Digitalisierung soll Lebenserwartung verlängern

Der Übertritt ins digitale Zeitalter steht damit allerdings noch ganz am Anfang. Laut einer Studie der Bertelsmann-Stiftung sieht jeder zweite Mediziner bereits in zehn Jahren Operationsroboter im alltäglichen Einsatz. Immerhin jeder fünfte Arzt geht davon aus, dass die Medikamenteneinnahme und -abgabe dann durch unter die Haut implantierte Mikrochips erfolgt. Jeder Dritte ist der Meinung, dass die Digitalisierung die Lebenserwartung der Menschen verlängern wird. Und 80 (!) Prozent der befragten Mediziner sind der Ansicht, dass im Jahr 2030 Prothesen und Implantate standardmäßig oder vereinzelt im 3D-Druckverfahren hergestellt werden.
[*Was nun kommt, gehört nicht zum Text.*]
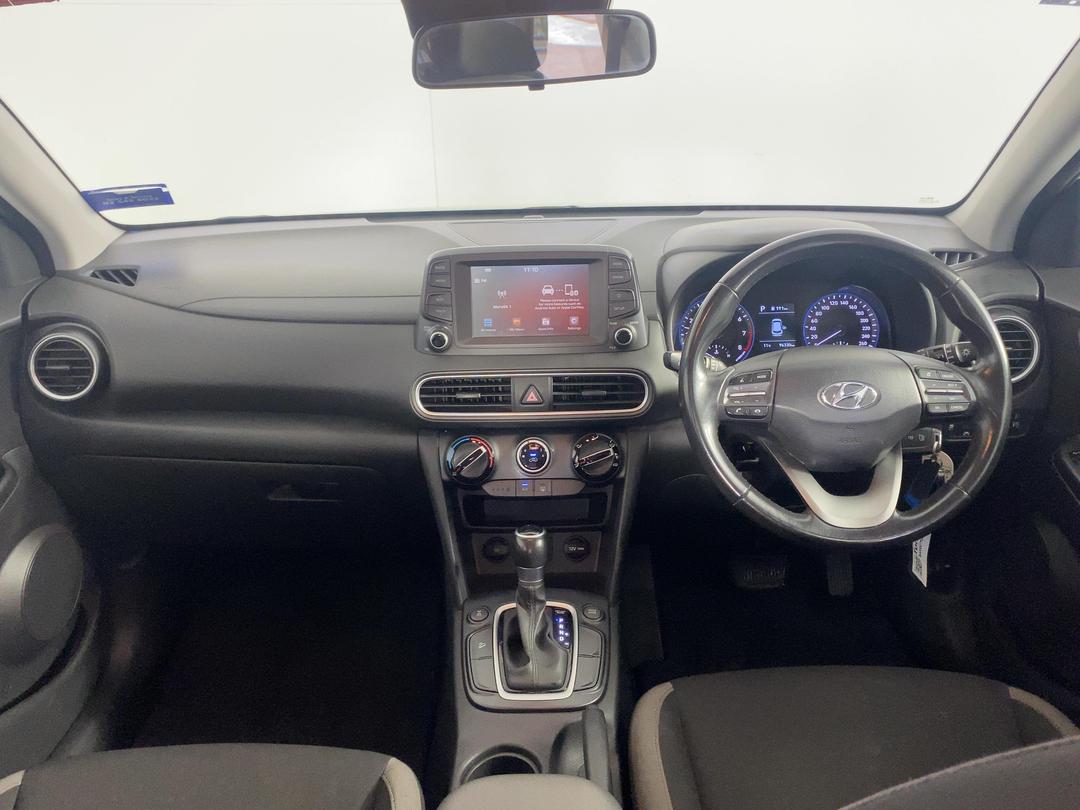Photo '17' of Hyundai Kona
Versorgung in hoher und reproduzierbarer Qualität

An dieser Stelle kommen die Sanitätshäuser mit ihren Orthopädiewerkstätten und Fachleuten ins Spiel. Vereinzelt ist die Zukunft dort schon in der Gegenwart angekommen. Einige besonders mutige und innovative Sanitätshausunternehmer haben es gewagt, bereits einen Schritt voraus zu sein und von analogen zu präzisen digitalen Produktionstechnologien überzugehen. Und dies zum großen Vorteil der Patienten, die dadurch noch schneller ihre Versorgung in gewohnt hoher und reproduzierbarer Qualität erhalten. Mit zwei dieser besonderen Macher – Gernot Gebauer vom reha team Bayreuth und Gerd Klinz vom Sanitätshaus Klinz – hat das SANITÄTSHAUS AKTUELL MAGAZIN über den Einsatz von 3D-Technologie und die Digitalisierung in der Sanitätshauswelt gesprochen.

 

„Die Digitalisierung schafft Zeit und Freiräume, sich noch mehr um den Patienten kümmern zu können“

Interview mit Gernot Gebauer

Gebauer ist Geschäftsführer des reha teams Bayreuth, das mit seinen 14 Filialen in 13 Städten in ganz Nordbayern für kompetente, freundliche Beratung und Betreuung rund um Orthopädietechnik, Pflege- sowie Alltagshilfen, Mobilität, Kompressionstherapie und Prothesenversorgung sorgt.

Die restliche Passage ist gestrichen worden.